EU diplomats say the aim is to agree a swift deal on a transition period.
UK Brexit Secretary David Davis outlined his view of a post-Brexit transition on Friday. He said he expected to start talks in the coming "days and weeks".
The next step
Ministers from the EU 27 have met to formally endorse instructions for Phase Two of the Brexit talks at a meeting in Brussels.
Sources say at that point, the EU negotiating team, led by Michel Barnier, will be ready to receive Davis and his officials for formal negotiations on what will happen after Britain breaks with Brussels in March 2019.
Davis says he is confident of reaching an interim accord on the transition by the time EU leaders hold a Brussels summit in March. There is already broad agreement, he added.
What are the transition talks likely to focus on?
These are talks about talks. The future of the customs union, regulatory convergence or divergence and trade are likely to dominate.
The status quo is complex. Will the UK get a non-voting seat at some EU meetings? How will annual quotas like that of fishing be determined? How will the EU allow London to sign up to new trade deals with other countries while bound by EU accords?
What does the EU want?
Brussels has proposed that the UK will effectively remain in all of its existing structures, including the single market and customs union, until the end of 2020.
However, the UK will lose its say on EU policy.
What has Theresa May said?
She appears to be ready to accept this. That's despite disappointment from Brexit supporters, who say it will turn the UK into a "vassal state" for a short time.
If it is an interim accord, will it be legally binding?
No. Details of the transition will form part of a withdrawal treaty which will be agreed around October-time. It will be legally ratified by parliaments on both sides in the month after that.

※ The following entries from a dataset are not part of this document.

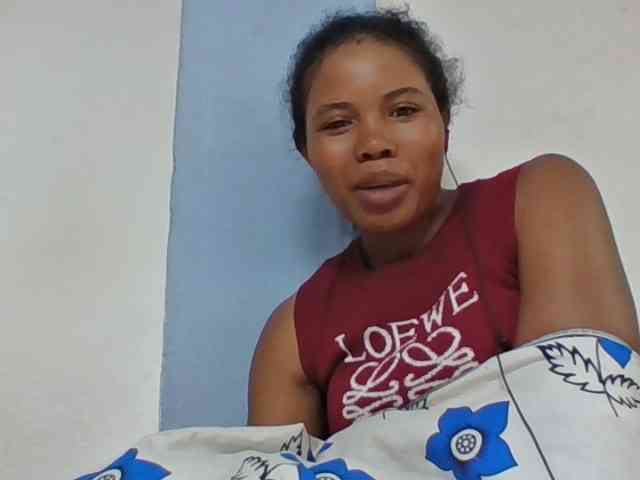 Juliah1a webcam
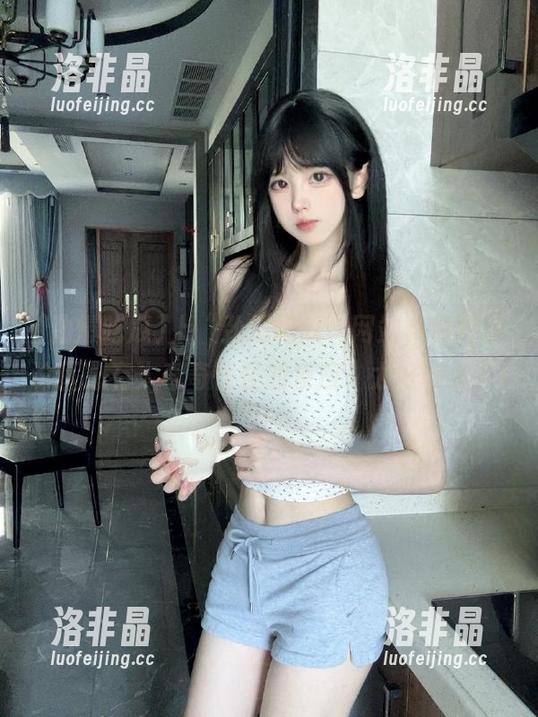 上“劲爆吃瓜”网站，看到评论区总有人奇奇怪怪的反应，太好玩儿了!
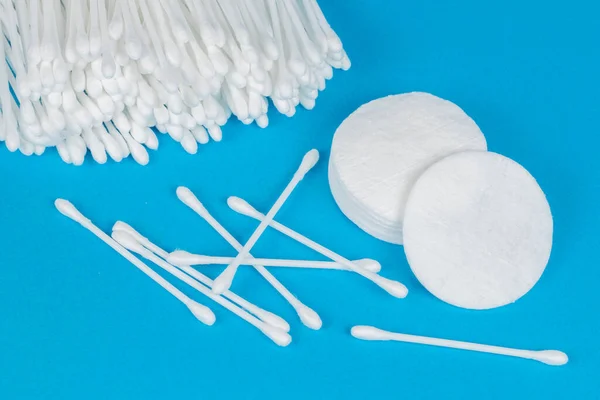 Cotton Discs Sticks Landscape Blue Background — Stock Photo, Image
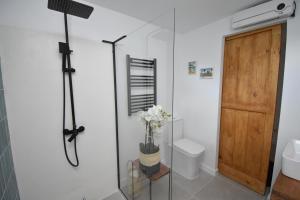 baño con aseo y puerta de cristal en Casa Markoli, en Jávea 50 fotos más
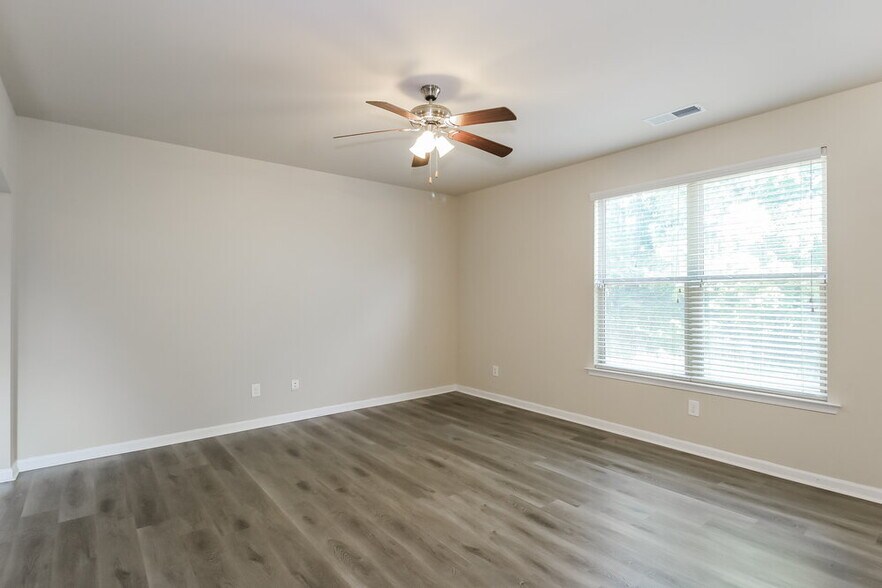 Building Photo - 271 Bandelier Cir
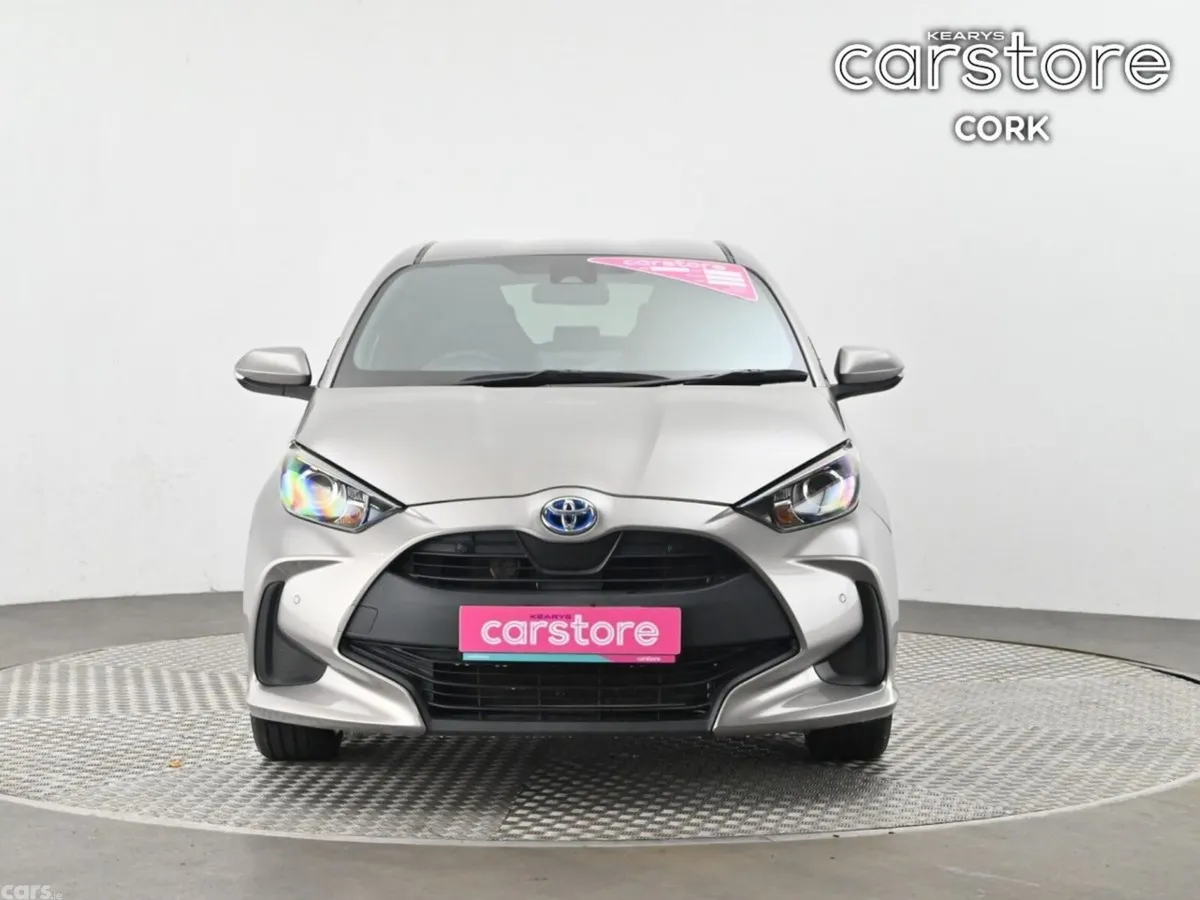 Toyota Yaris Hatchback, Petrol Hybrid, 2021, Brown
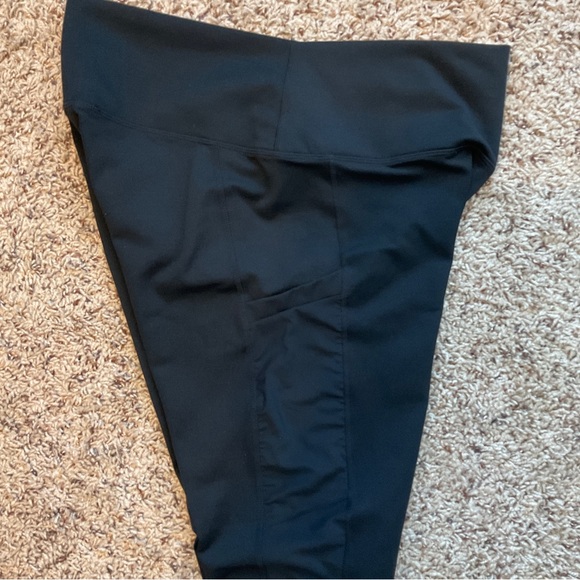 Fabletics NWT RARE Mila High-Waisted Pocket Legging PowerHold Short 3/4 XL 12-14 - Picture 9 of 12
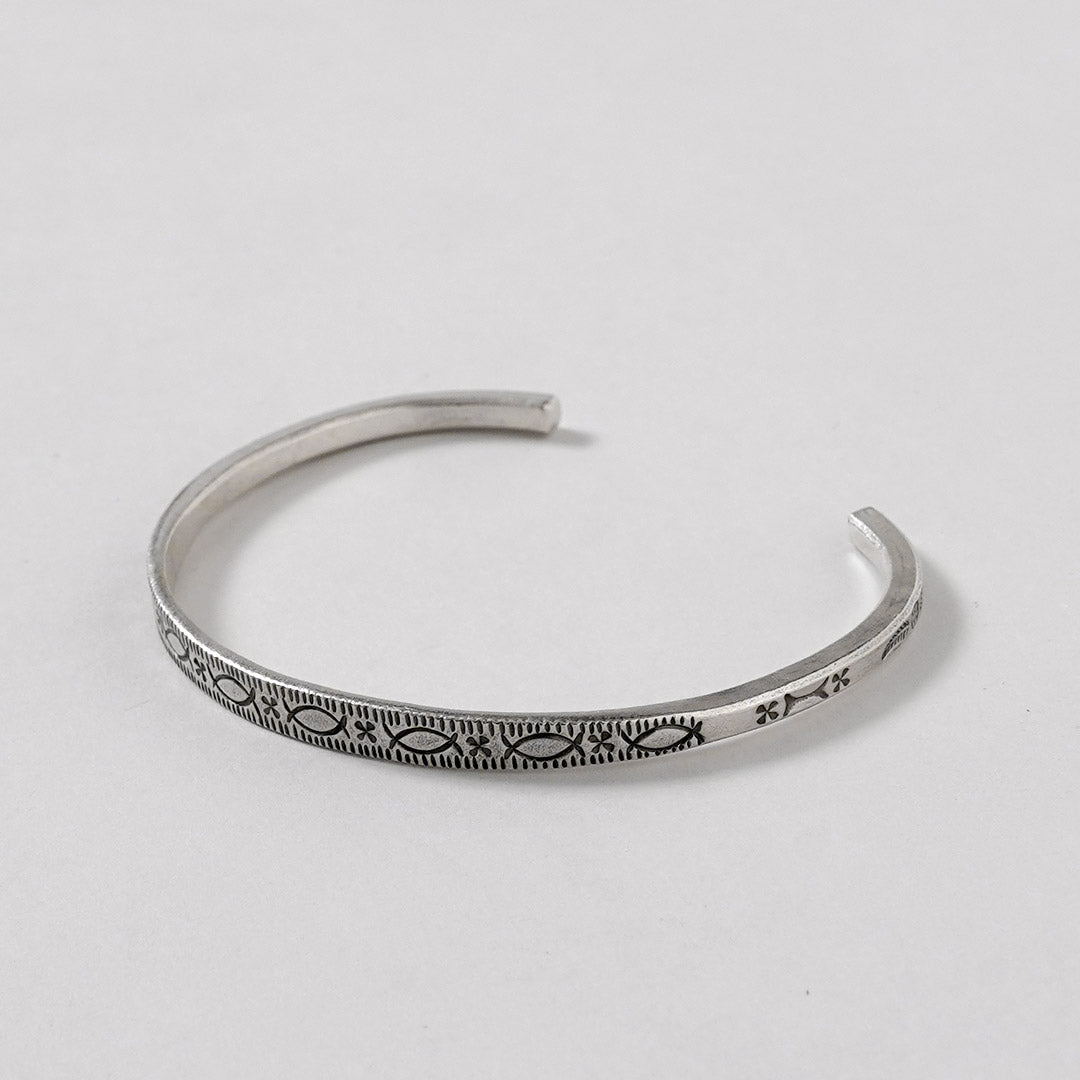 phaduA / Brazalete de medio círculo de plata Karen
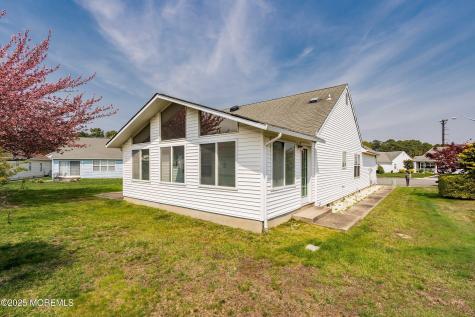 4 Otley Court Berkeley NJ 08721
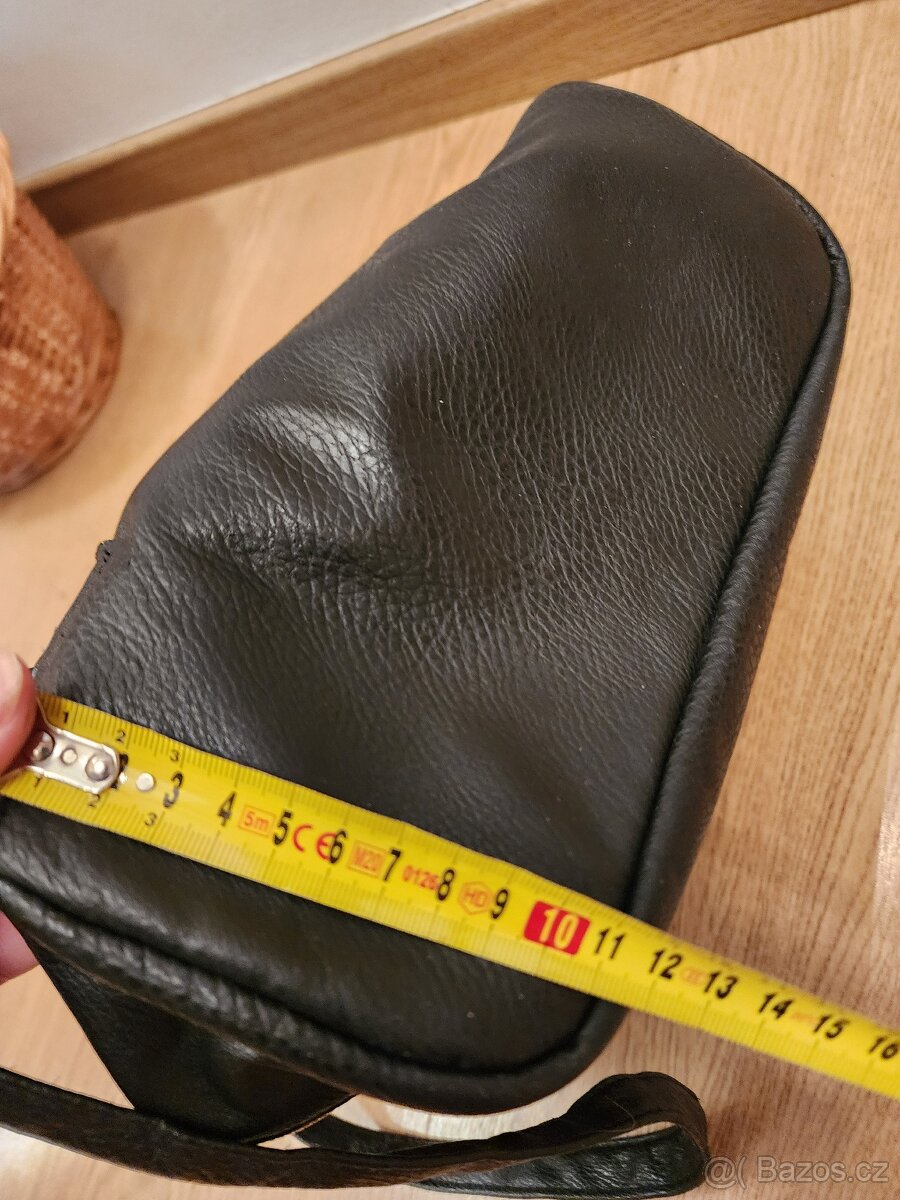 Prodám Dámský batoh se zlatými kovovými doplňky, Eko kůže - 9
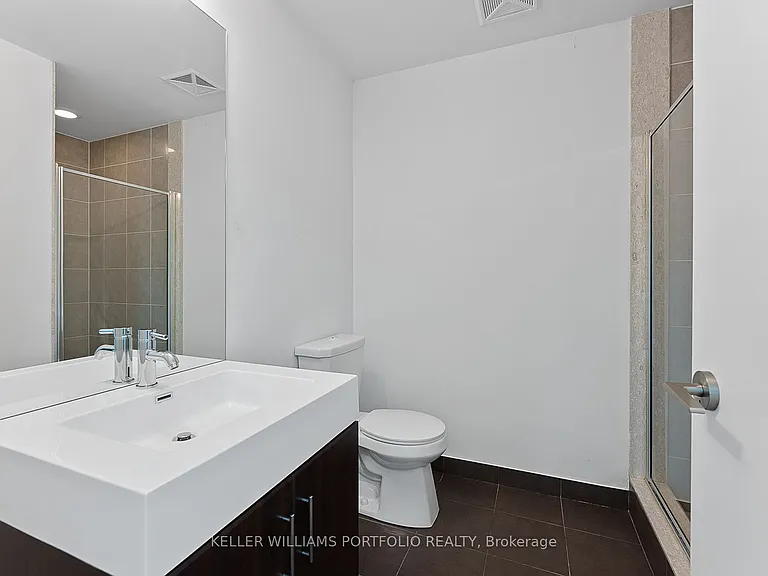 35 Brian Peck Cres #910 — Photo 24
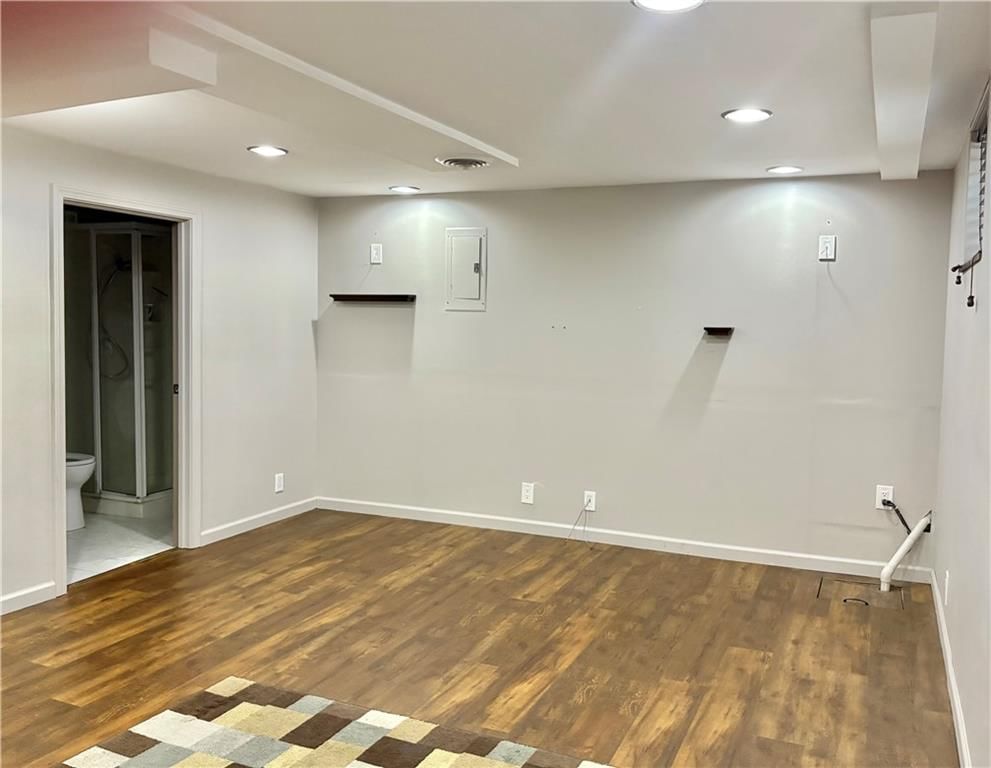 819 E Northview Street — photo 22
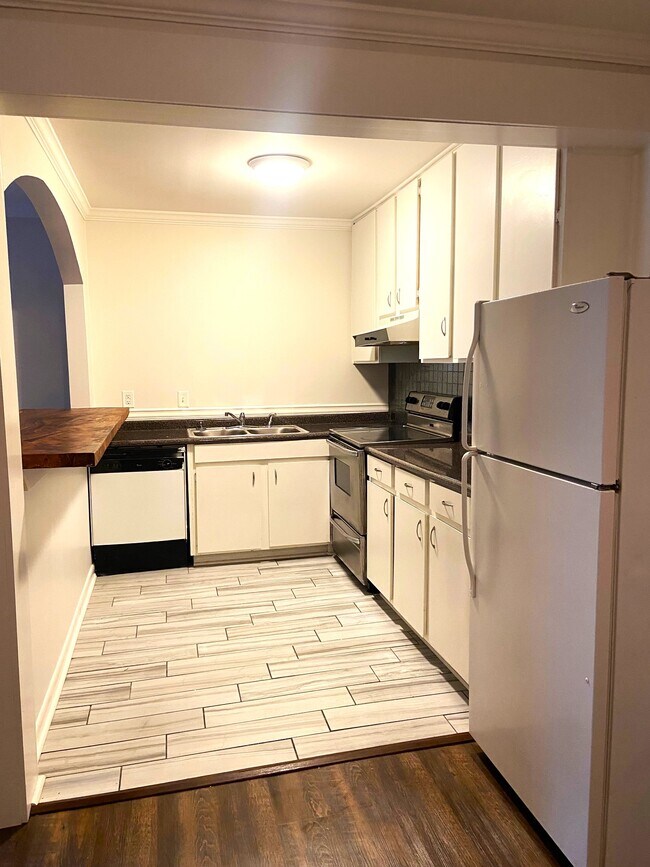 2812 Georgetown Dr unit 1526, Hoover, AL 35216 - photo 6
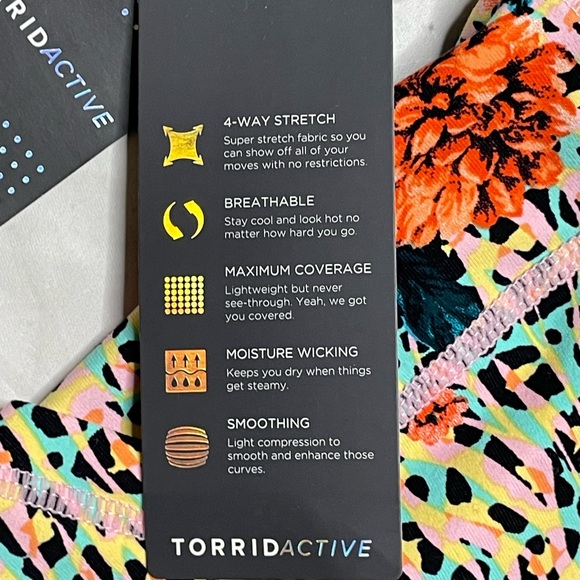 Torrid 0 active bike shorts leopard floral - Picture 6 of 6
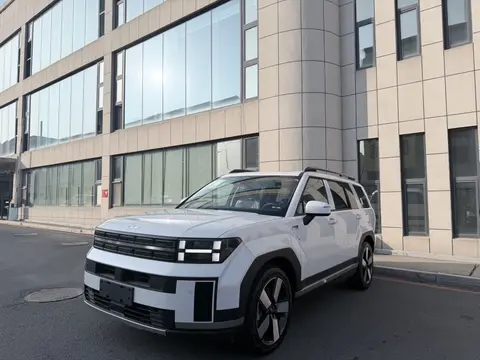Hyundai Santa Fe 2025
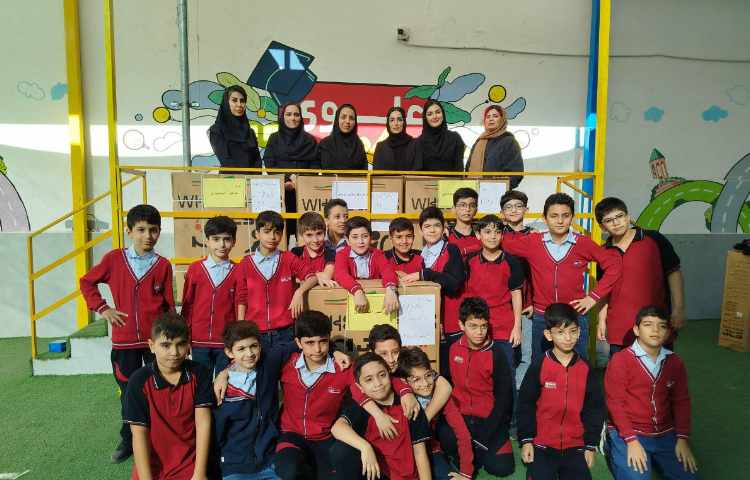 تحویل دربهای بطری جمع آوری شده توسط دانش آموزان و اهدا ویلچر به نیازمندان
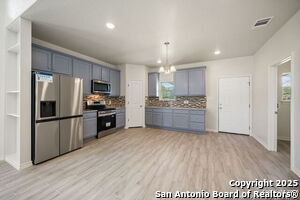 Building Photo - 9322 Clamp Ave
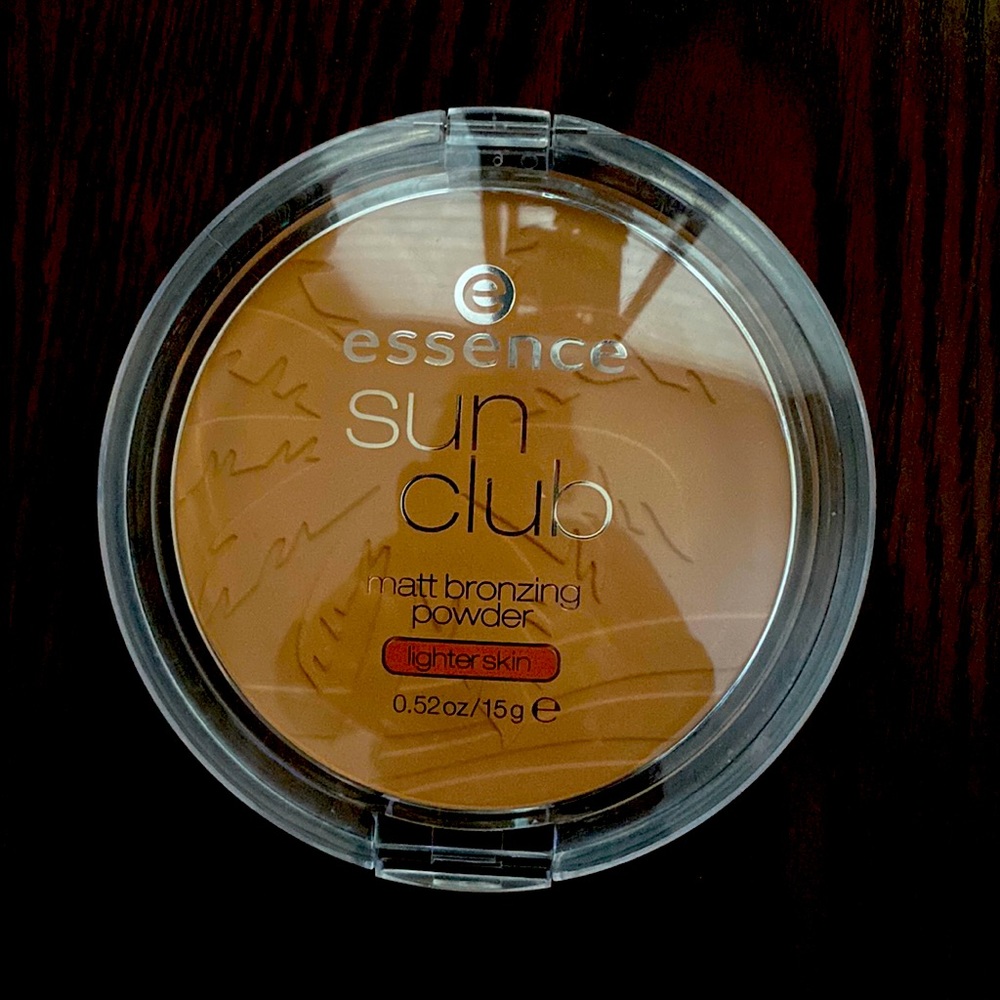Matt Bronzing Powder for lighter skin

Both sides are hoping a joint declaration on the nature of the transition in March will give businesses and people more certainty to make decisions about their future.
So when will the first meeting be held?
It could be as early as this week, it is said. No formal schedule has been agreed so far, but diplomats say the plan for now is to set a relatively fast pace. This could mean meeting in Brussels every two weeks. This is compared to the monthly round of negotiations held in the first phase of the talks.
A first meeting could be held as soon as the latter part of next week, they said.
While no schedule for those talks has been formally agreed, EU diplomats said the plan for now is to set a relatively fast pace of exchanges, meeting in Brussels every two weeks in contrast to the roughly monthly round of negotiations held in the first phase of the process last year.